I saw two papers that are "H.Lipmaa et al., On the Additive Differential Probability of Exclusive-or" and "V.Velichkov et al., The Additive Differential Probability of ARX"

In this two paper, Limaa et al. and Velichkov et al. compute the probability of additive differential of xor in similar way.

But there is one difference between them.

That is matrix $$A_i$$ is different.

For example $$A_{000}$$ in first paper is $$A_{000}=\begin{pmatrix} 4& 0& 0& 1& 0& 1& 1& 0 \\0& 0& 0& 1& 0& 1& 0& 0 \\ \vdots & & & \cdots & \cdots & & & \vdots \\ 0& 0& 0& 0& 0& 0& 0& 0 \end{pmatrix}$$

and $$A_{000}$$ in second paper is $$A_{000}=\begin{pmatrix} 0 & 1 & 1 & 0 & 0 & 0 & 0 & 0 \\0& 1& 0& 0& 0& 0& 0 & 0 \\ \vdots & & & \cdots & \cdots & & & \vdots \\ 0& 0& 0& 0& 0& 0& 0& 1 \end{pmatrix}$$

I hope someone can tell me why there exists a difference.
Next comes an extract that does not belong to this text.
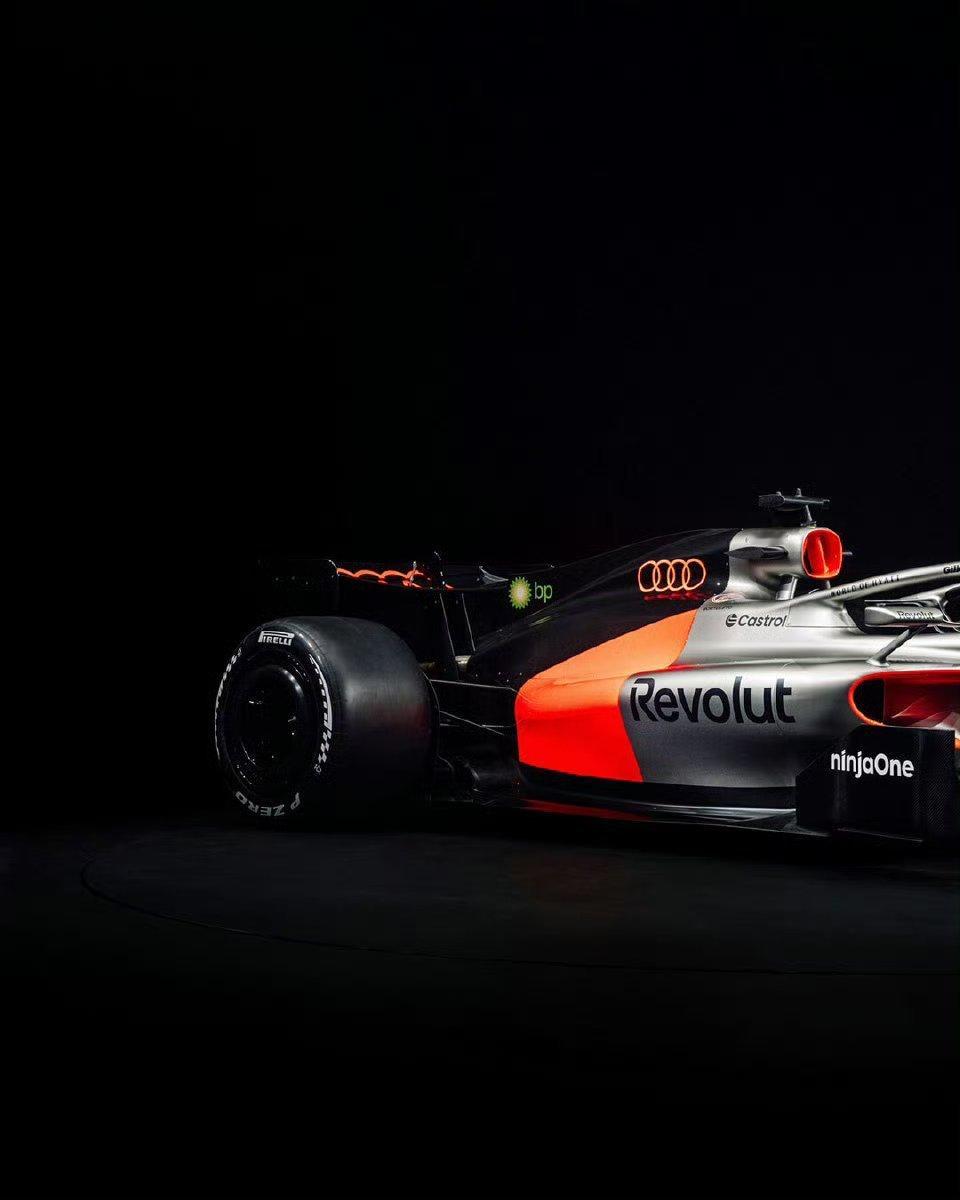 奥迪F1的首台车R26太帅了吧外观的涂装很干净，应该是还没有多少赞助，该说不说，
• I find the answer... See the table 2. in second paper.
– jyj
Mar 8 '19 at 8:15
• If you found the answer, please be kind enough to share it. Mar 8 '19 at 9:02
• In second paper(V.Velichkov et al., The Additive Differential Probability of ARX), the table 2's order is not same to orginal order. For example, S[i] =0 when (s1[i],s2[i],s3[i])=(0,0,-1). So, there exist a difference
– jyj
Mar 8 '19 at 11:44
For example, $$S[i] =0$$ when $$(s_1[i],s_2[i],s_3[i])=(0,0,-1)$$. So, there exists a difference.